**Dataset section:**
• • • • •

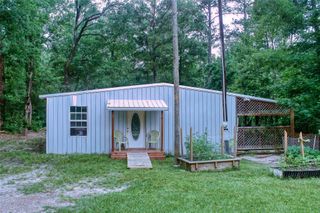 521 Hill Creek Drive, Coldspring, TX 77331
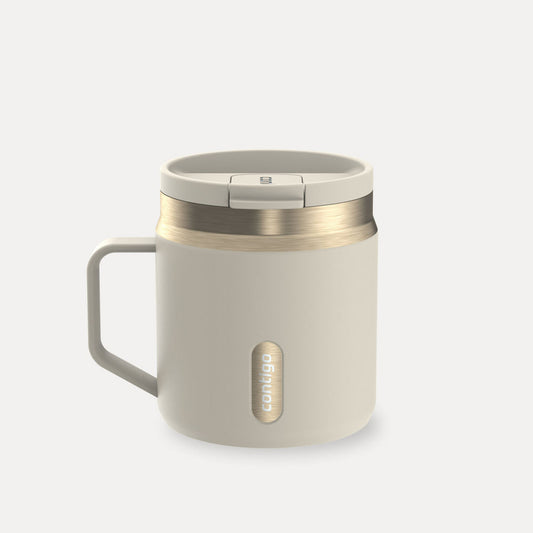 14-oz-snapsealtm-bottle-f0 bevt0009_contigo_2230284_snapseal_14oz_oatmilkchampagne_atf1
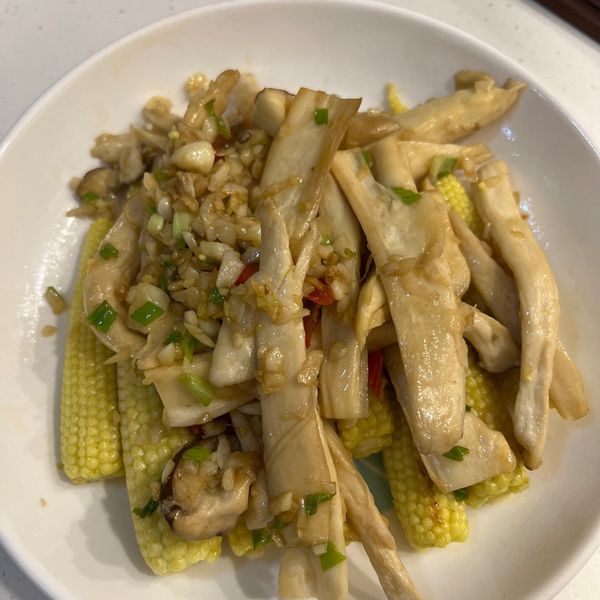 undefined：Charo 一起做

• • • • •

**Assignment:** Copy every line of the listing above exactly. Leave each picture out.

**Final answer:**
 521 Hill Creek Drive, Coldspring, TX 77331
 14-oz-snapsealtm-bottle-f0 bevt0009_contigo_2230284_snapseal_14oz_oatmilkchampagne_atf1
 undefined：Charo 一起做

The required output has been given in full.